How C.P. Company Became Your Favorite Brand’s Favorite Brand
“You don’t actually know why,” says Paul Harvey, “but there are some things that you pick up and you can feel it—you can feel they’ve been made the right way—and I like to think that’s present in what we do with C.P. Company, to this day.”
Harvey is sitting in a design studio in Bologna, Italy, alongside Alessandro Pungetti—together, the two run design for the company—and Enrico Grigoletti, C.P.’s marketing director. Behind them is what looks like an archive of functional but stylish sportswear, a reasonable assumption given C.P. Company’s illustrious 50-plus year history as a purveyor of cutting-edge sportswear.
Albeit a wrong one. “Personally,” Harvey confides, “I don’t know where the archive is right now.” Instead, behind them are the collections to come: fabric swatches and samples that underpin the future of the brand.
It’s strange, but not entirely unexpected, that the people inside C.P. Company are focused on the future—they’re currently working on Fall/Winter 2024—rather than the past.

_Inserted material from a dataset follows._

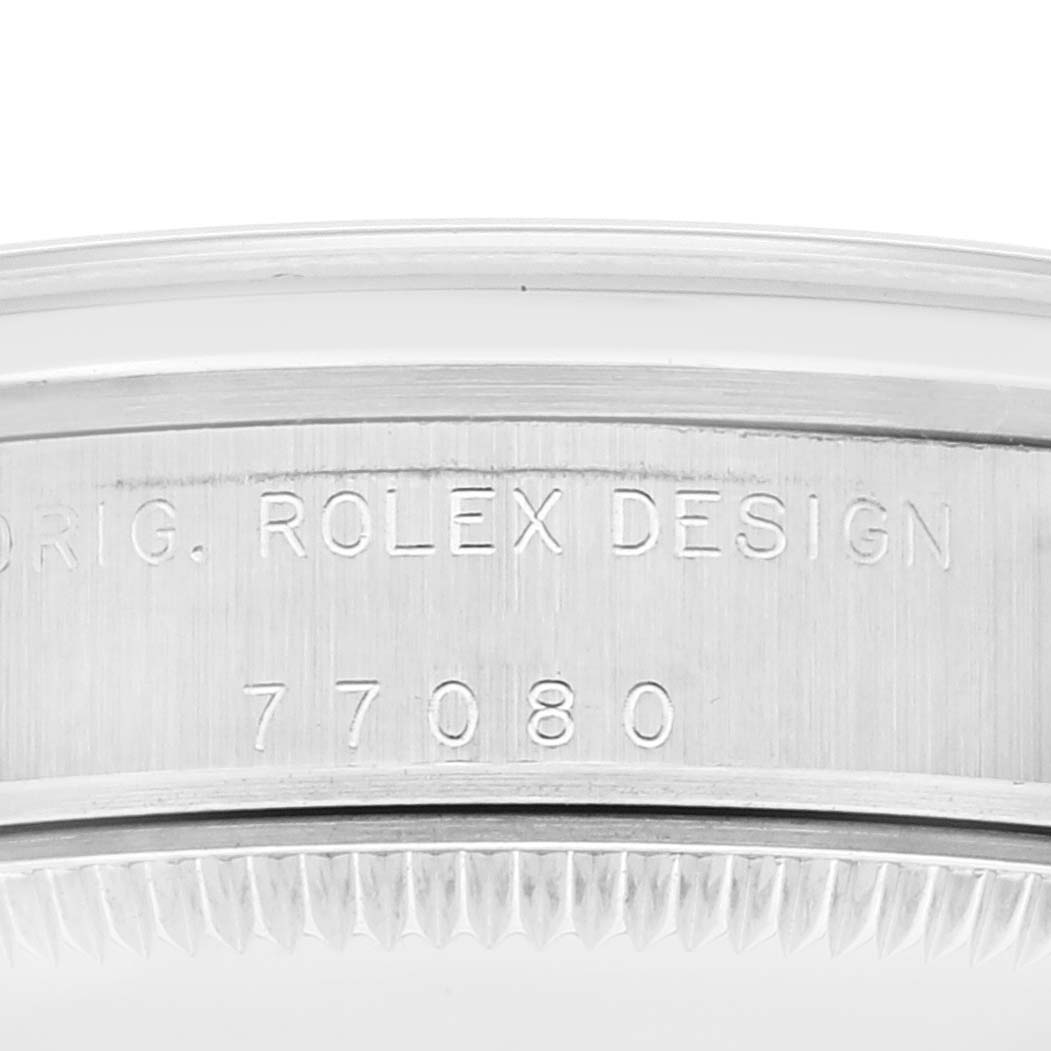 The image shows the engraved side of the bezel for a Rolex Mid-Size 77080 Women
s Stainless Steel Blue Dial 77080 Women
s Stainless Steel Blue Dial model, displaying "ORIG. ROLEX DESIGN" and the model number "77080."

It feels strange because, to paraphrase Harvey a little bit, those who know, know that C.P. Company’s archives are among the most influential in the recent history of garment development and textile innovation. Unbeknownst to most, C.P. Company’s work has shaped what people wear on a daily basis, as the brand’s textile innovation and garment development have trickled down—and even up—the fashion pyramid, first to other outerwear and sportswear brands, then to a new generation of techwear brands and, ultimately, even to streetwear. The 40,000 unique garments that have borne the C.P. Company tag have changed how designers think about clothes and what clients expect from brands in terms of both utilitarianism and style.
C.P. Company was founded by the now-revered Italian textile designer Massimo Osti in 1971, though the brand was known as Chester Perry until 1978, when a pair of lawsuits—one by Fred Perry and the other Chester Barry—forced a name change. Today Osti is best known as the man who founded swishy-pant innovator Stone Island, but C.P. Company was, in many respects, the incubator and progenitor—not just of Stone Island, but of large swaths of contemporary sportswear and techwear, this despite the fact that most customers are unfamiliar with C.P. Company. The brand has a relatively small footprint in North America, while many Britons assume it’s an English brand because of the associations to football terrace culture.